Return every entry below word for word and leave out any picture.

(GIVEN RECORDS Opens)

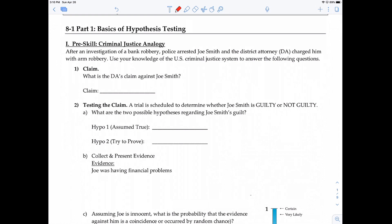Let's go ahead and take a look at this question. Before we dive into hypothesis testing, here is a very good analogy: the justice system in the United States. We have an investigation of a bank robbery. After the investigation, police arrested Joe Smith and the district attorney charged him with armed robbery. Use your knowledge of the US criminal justice system to answer the following questions.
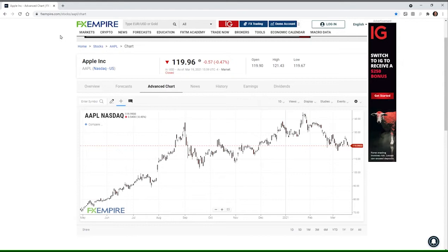This is Alan Farley from FXEmpire. Please subscribe to the FXEmpire YouTube channel. Today we're going to talk about volume indicators. Volume indicators are technical tools used to evaluate a security's bull and bear power — which side is in control. Some volume indicators look like price patterns, forming highs and lows, while others oscillate across the central zero line.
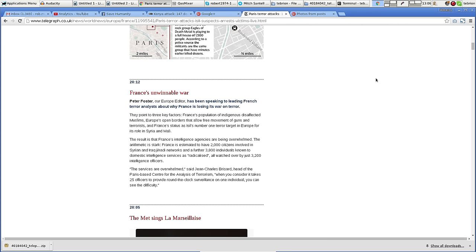is that France's intelligence agencies are being overwhelmed. The arithmetic is stark. France is estimated to have 2,000 citizens involved in Syrian and Iraqi jihadi networks and a further 3,800 individuals known to domestic intelligence services as radicalized, all watched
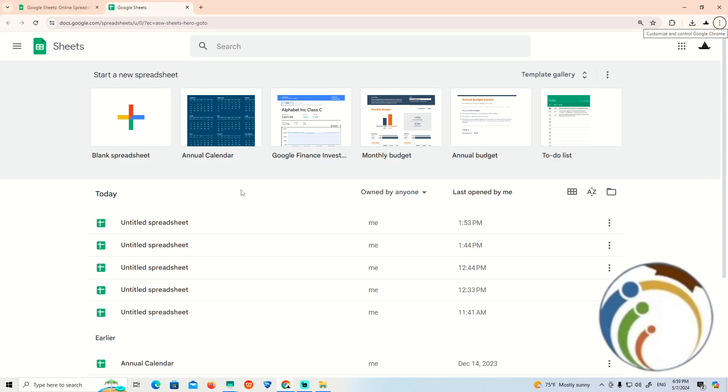How to make a line graph on Google Sheets. All you need to do in this video is follow along. Make sure to subscribe to our channel and like this video.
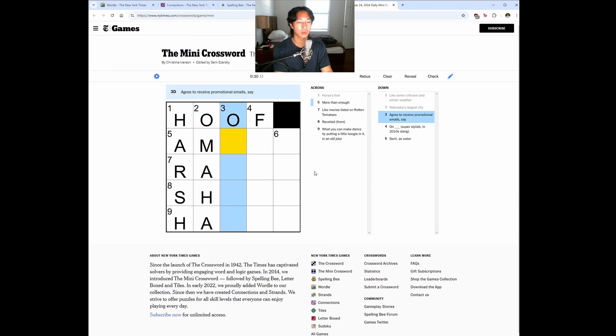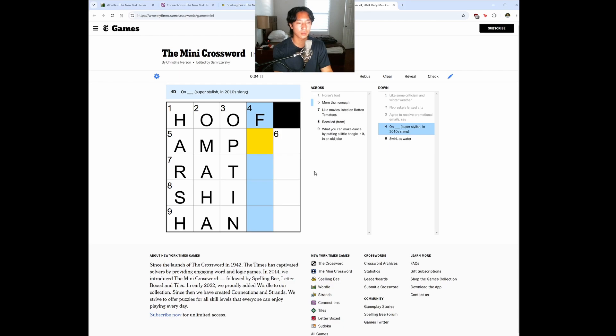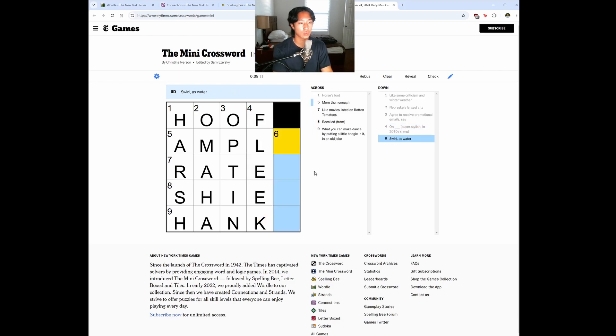Agreed to receive promotional emails. Opt in. That was already a hint one time. On. Leak. Swirl as in water. Oh, this is ample.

(GIVEN RECORDS Closes)

• **TASK RESPONSE**
Let's go ahead and take a look at this question. Before we dive into hypothesis testing, here is a very good analogy: the justice system in the United States. We have an investigation of a bank robbery. After the investigation, police arrested Joe Smith and the district attorney charged him with armed robbery. Use your knowledge of the US criminal justice system to answer the following questions.
This is Alan Farley from FXEmpire. Please subscribe to the FXEmpire YouTube channel. Today we're going to talk about volume indicators. Volume indicators are technical tools used to evaluate a security's bull and bear power — which side is in control. Some volume indicators look like price patterns, forming highs and lows, while others oscillate across the central zero line.
is that France's intelligence agencies are being overwhelmed. The arithmetic is stark. France is estimated to have 2,000 citizens involved in Syrian and Iraqi jihadi networks and a further 3,800 individuals known to domestic intelligence services as radicalized, all watched
How to make a line graph on Google Sheets. All you need to do in this video is follow along. Make sure to subscribe to our channel and like this video.
Agreed to receive promotional emails. Opt in. That was already a hint one time. On. Leak. Swirl as in water. Oh, this is ample.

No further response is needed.